Display the filtered image using plot and imshow.
# Import the packages
import cv2
import matplotlib.pyplot as plt
image=cv2.imread("dogs.jpeg")
# Load the image, Convert to grayscale and remove noise
gray_img=cv2.cvtColor(image,cv2.COLOR_BGR2GRAY)
img=cv2.GaussianBlur(gray_img,(3,3),0)
# SOBEL EDGE DETECTOR
# SOBEL X
sobelx=cv2.Sobel(img,cv2.CV_64F,1,0,ksize=5)
plt.figure(figsize=(16,16))
plt.subplot(1,2,1)
plt.imshow(img)
plt.title('Image')
plt.subplot(1,2,2)
plt.imshow(sobelx,cmap='Greys')
plt.title("Sobel X")
plt.xticks([])
plt.yticks([])
plt.show()
# SOBEL Y
sobely=cv2.Sobel(img,cv2.CV_64F,0,1,ksize=5)
plt.figure(figsize=(16,16))
plt.subplot(1,2,1)
plt.imshow(img)
plt.title('Image')
plt.subplot(1,2,2)
plt.imshow(sobely,cmap='Greys')
plt.title("Sobel-Y")
plt.xticks([])
plt.yticks([])
plt.show()
# SOBEL XY
sobelxy=cv2.Sobel(img,cv2.CV_64F,1,1,ksize=5)

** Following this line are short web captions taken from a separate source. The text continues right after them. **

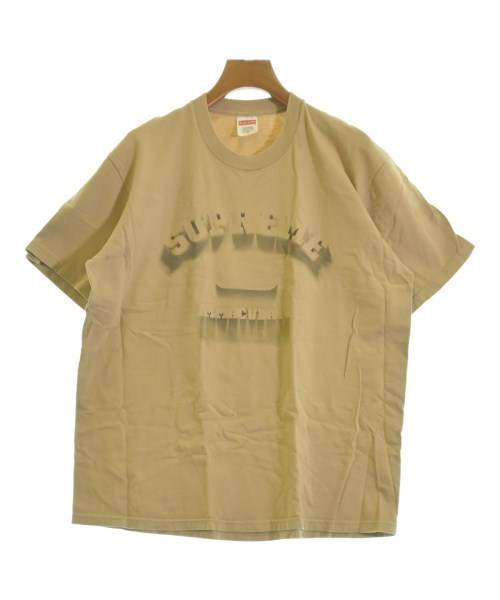 Supreme(シュプリーム)Tシャツ・カットソー ベージュ サイズ:M/2200659756060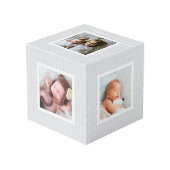 シックなグレートレリスのパターン写真 フォトキューブ (正面アングル)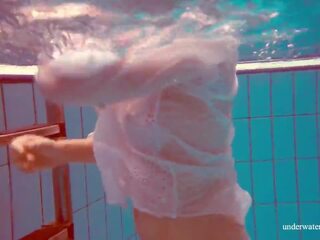 Swell cutie Melisa Darkova Dressed Underwater: Free HD sex clip cc | xHamster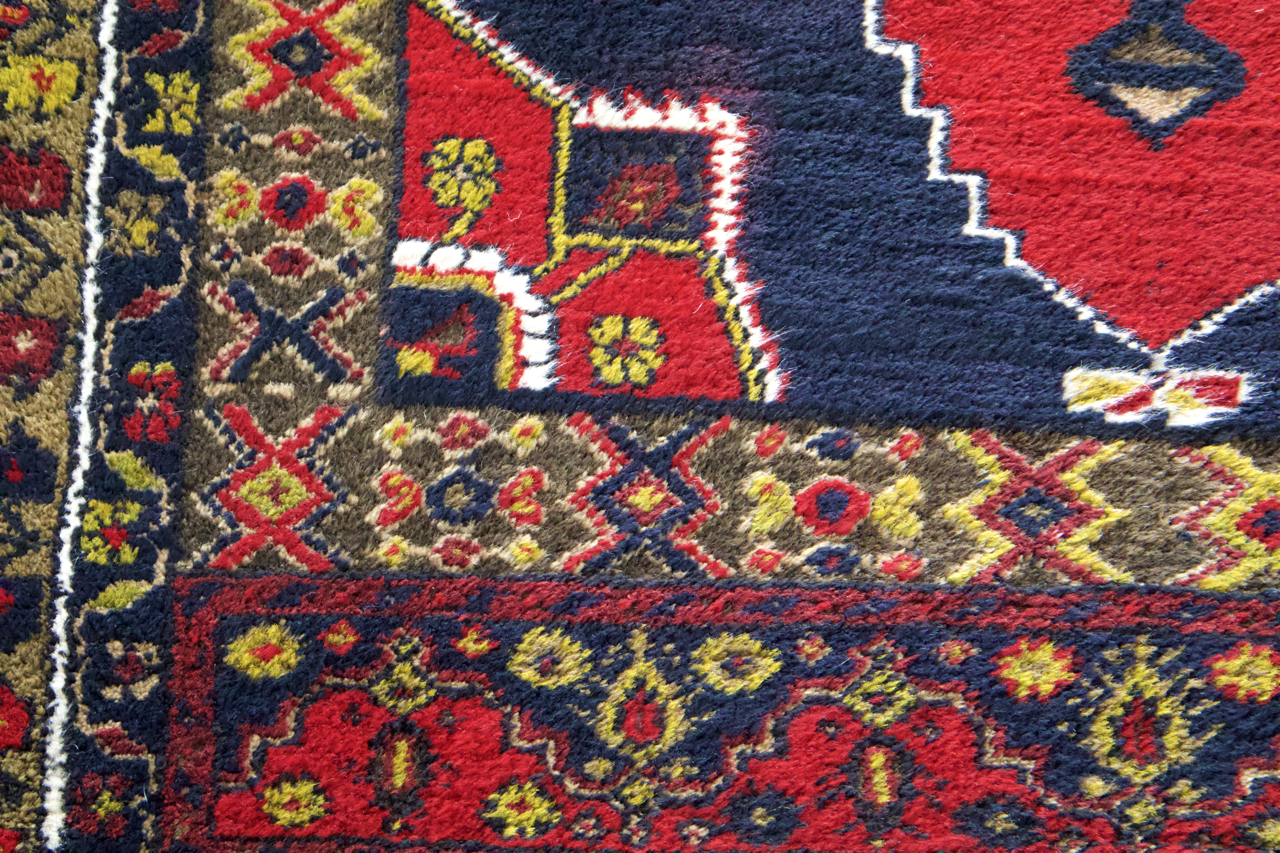 Turkish Yahyali Rug | 3' 7" x 6' 3" - Rug the Rock - available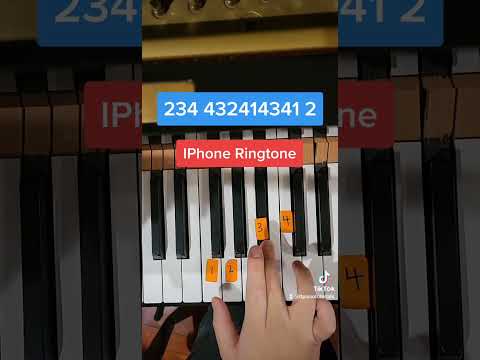 IPhone Ringtone Easy Piano Tutorial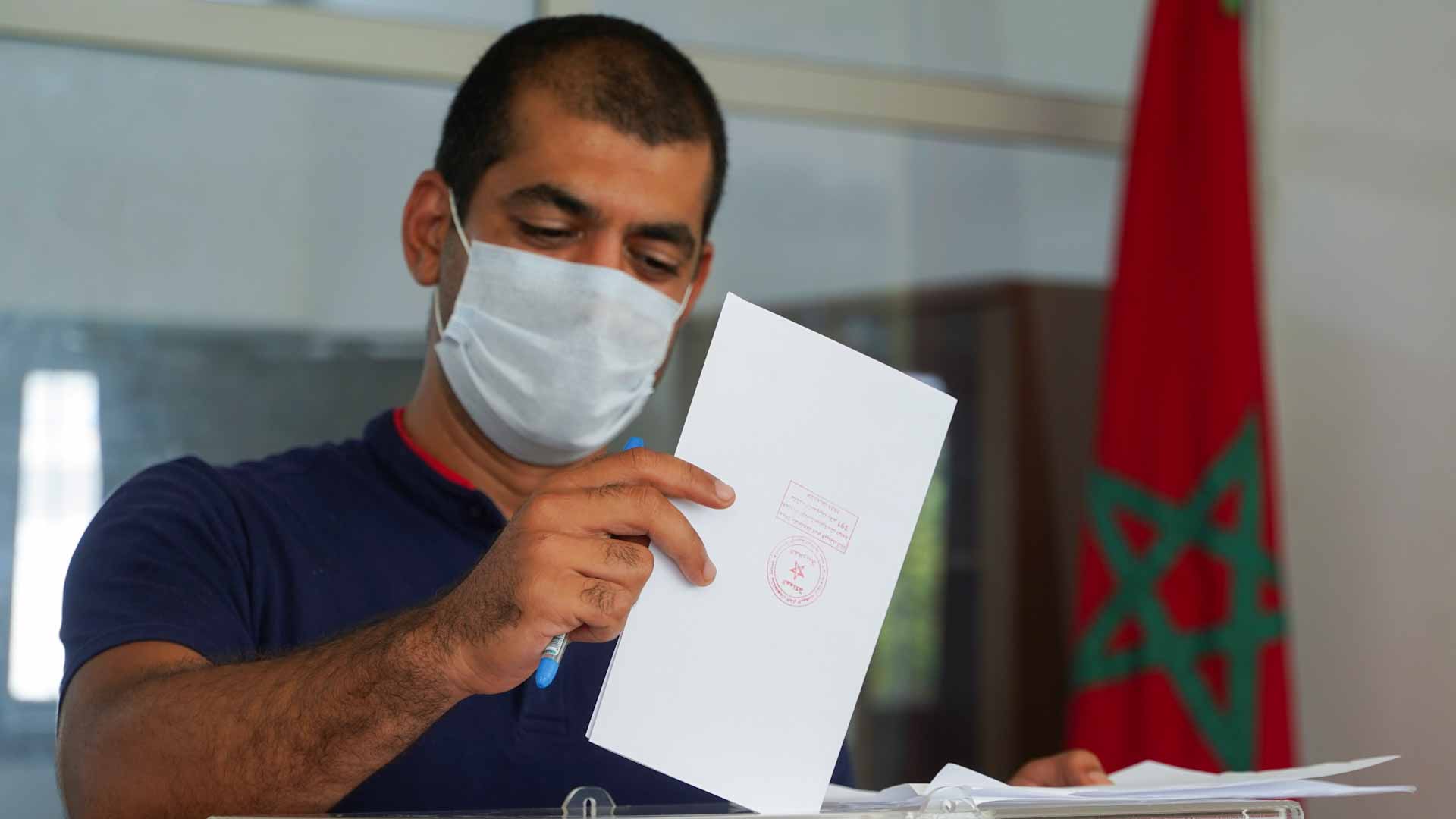 صورة بعنوان: "تجمع الأحرار"يزيح "العدالة والتنمية" ويتصدر نتائج انتخابات المغرب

plt.figure(figsize=(16,16))
plt.subplot(1,2,1)
plt.imshow(img)
plt.title('Image')
plt.subplot(1,2,2)
plt.imshow(sobelxy,cmap='Greys')
plt.title("Sobel XY")
plt.xticks([])
plt.yticks([])
plt.show()
# LAPLACIAN EDGE DETECTOR
laplacian = cv2.Laplacian(image,cv2.CV_64F)
plt.figure(figsize=(16,16))
plt.subplot(1,2,1)
plt.imshow(img)
plt.title('Image')
plt.subplot(1,2,2)
plt.imshow(laplacian,cmap='gray')
plt.title("Laplacian")
plt.xticks([])
plt.yticks([])
plt.show()
# CANNY EDGE DETECTOR
canny_edges = cv2.Canny(image, 120, 150)
plt.figure(figsize=(16,16))
plt.subplot(1,2,1)
plt.imshow(img)
plt.title('Image')
plt.subplot(1,2,2)
plt.imshow(canny_edges,cmap='gray')
plt.title("Canny Edges")
plt.xticks([])
plt.yticks([])
plt.show()
Thus the edges are detected using Sobel, Laplacian, and Canny edge detectors.